The problem asks us to determine the interval of time at which the particle is moving with increasing speed.

The particle moving with increasing speed is the same as saying its velocity is increasing. If we want to know where the velocity is increasing, we will look at the acceleration:

1. Anywhere the acceleration values are negative, the velocity is decreasing.
2. Anywhere the acceleration value(s) = 0, the velocity is at a maximum or minimum
3. Anywhere the acceleration values are positive, the velocity is increasing

Using the graph, we can easily tell where the values for acceleration are positive:

The graph for the acceleration function shows that acceleration is linear and acceleration is zero at t=2.33 seconds. For values of t greater than 2.33, acceleration is positive.

Since wherever acceleration is positive shows where the velocity is increasing, we have our interval for when the velocity is increasing and that is when t > 2.33 or (2.33,∞).

The interval of time at which the particle is moving with increasing speed is (2.33,∞).

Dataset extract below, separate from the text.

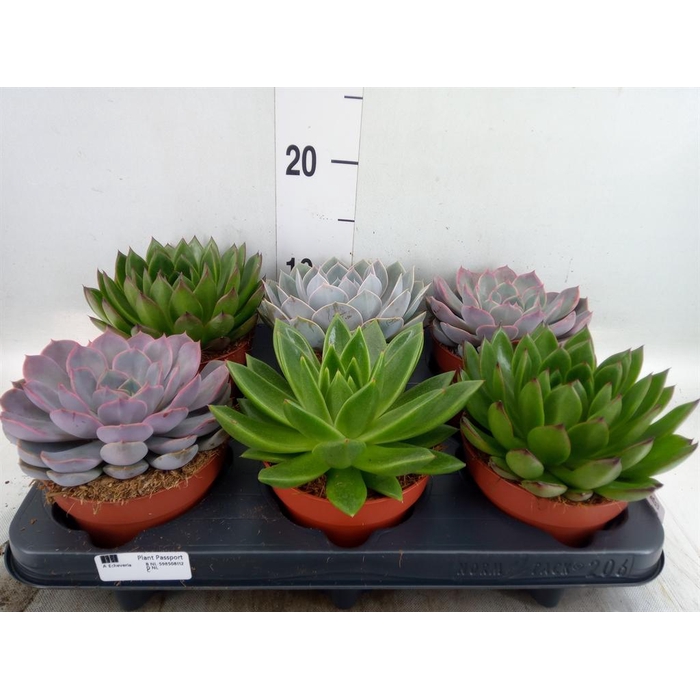 <h4>Echeveria   ...mix</h4>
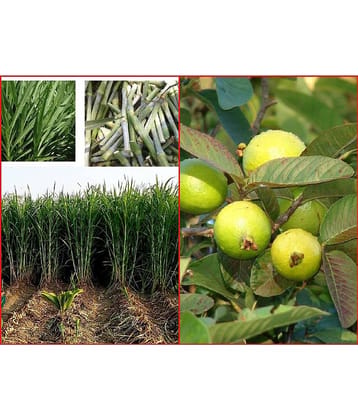 Shivam organic Seeds Combo - Napier Grass ( 500 seeds) and Thailand Guava Fruit ( 100 seed )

Wow! I didn't see the part about using definite integrals to solve this problem. You wouldn't integrate the s function and get any useful information. Maybe you take the derivatives like I did and set them equal to zero and that would give you intervals. It seems redundant though, to take the derivatives, then integrate them, but I think you must, because that may be the only way to determine your intervals.

So when you set the acceleration function to zero, you get t = 2.33 seconds. This means you have an interval from (0,2.33) and another interval from (2.33,∞). Then I suppose, you can integrate the acceleration function with those intervals??

Given the problem, I would ask why would we want to use definite integrals to solve, when we can use derivatives to solve instead.